Com uma visão empreendedora e inovadora da medicina, o pesquisador aborda nesta entrevista diversas questões, como o movimento biohacker, como o avanço tecnológico interfere no processo evolutivo da farmacologia e a importância da programação na formação acadêmica de áreas correlatas da saúde, que possibilitam a individualização do tratamento através da análise do DNA, elevando a probabilidade de hiperpersonalização dos medicamentos. Pouquíssimas são as pessoas apontadas pelo MIT como profissionais de carreira muito promissora, e o Ricardo é uma delas , ressaltou o oftalmologista Paulo Schor.  

 

Paulo Schor: Hoje a nossa conversa é com uma pessoa bastante jovem e que eu admiro há muito tempo. O Ricardo di Lazzaro Filho é MIT Innovator Under 35 e fundador da empresa Genera, que é um laboratório de referência. Ricardo, eu queria primeiro te agradecer e pedir para explicitar um pouco às pessoas o que podemos esperar do futuro. O que vai chegar na ponta e como você acha que isso chegará até nós? 

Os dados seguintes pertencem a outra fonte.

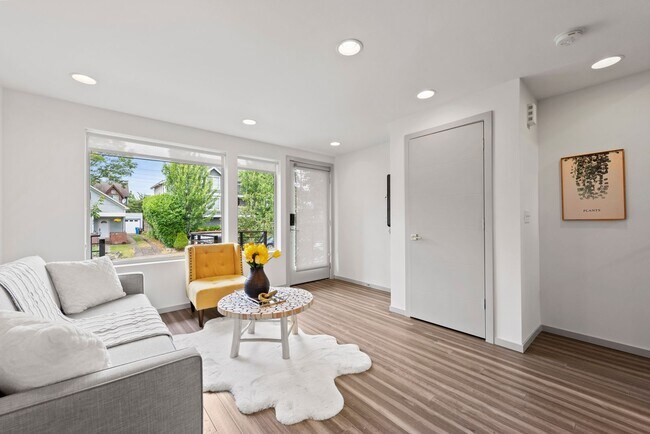 Building Photo - Modern Townhome For Rent In Fremont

Ricardo di Lazzaro Filho:  Paulo, obrigado pelo convite, é um prazer participar do seu programa e poder falar de temas que eu gosto tanto. Pensando no futuro da saúde, até os maiores especialistas quando tentam prever isso, não são bem sucedidos, pois não é algo fácil de se fazer. Entretanto, há algumas tendências que podemos observar e que devem acontecer. Por exemplo, a hiperpersonalização de tratamentos é algo que vem acontecendo cada vez mais. Utilizando, por exemplo, a parte genômica, e usando dados de farmacogenética, que basicamente analisa o DNA de um indivíduo para dizer quais medicamentos proporcionarão um tratamento mais eficaz, com menos efeito colateral, uma dose ótima, para algumas áreas, como a oncologia, já é feito com muito sucesso.  

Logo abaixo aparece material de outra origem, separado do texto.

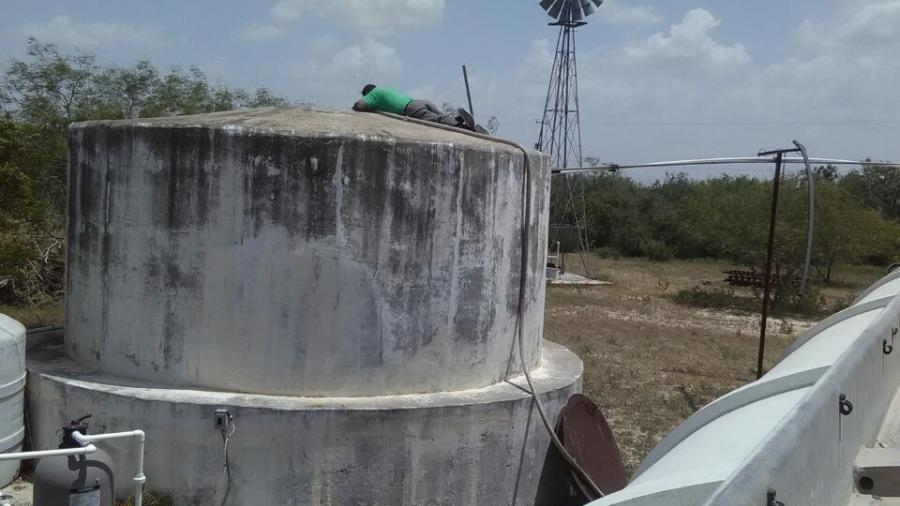 Entrega efectiva y gratuita de agua en pipas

Em outras áreas, como a psiquiatria, isso está começando, e acredito que acabará por se estender para vários outros campos, chegando, de fato, a hiperpersonalização, no sentido do desenvolvimento de um medicamento feito especialmente para um indivíduo. Hoje em dia já tivemos alguns exemplos de medicamentos baseados em terapia gênica, oligonucleotídeos que irão, por exemplo, modular a expressão de algum gene e que foram desenvolvidos para uma única pessoa. Claro que isso ainda tem um perfil mais acadêmico, mas é um paciente com uma doença a qual não muitos outros pacientes com essa mesma patologia, e conseguiram desenvolver um tratamento único, exclusivo para ele. Isso irá se estender em diferentes níveis, para doenças que atingem uma população de 100, mil, 10 mil, um milhão, e cada vez mais personalizado. Podemos citar como exemplo a depressão, que é, na verdade, um conjunto de fatores que possui vias diferentes e, cada vez mais, o entendimento dessa doença propiciará um tratamento mais eficaz e mais personalizado.  

 

Schor: Mas e o custo Ricardo? Porque quando falamos de individualizar o tratamento, sempre esse receio do custo. Quando estamos envolvidos na inovação, escala é algo que diminui sobremaneira o custo, tanto que, por exemplo, o telefone celular, se conversássemos sobre isso trinta anos atrás, cada aparelho poderia custar uma Mercedes. Será possível isso?  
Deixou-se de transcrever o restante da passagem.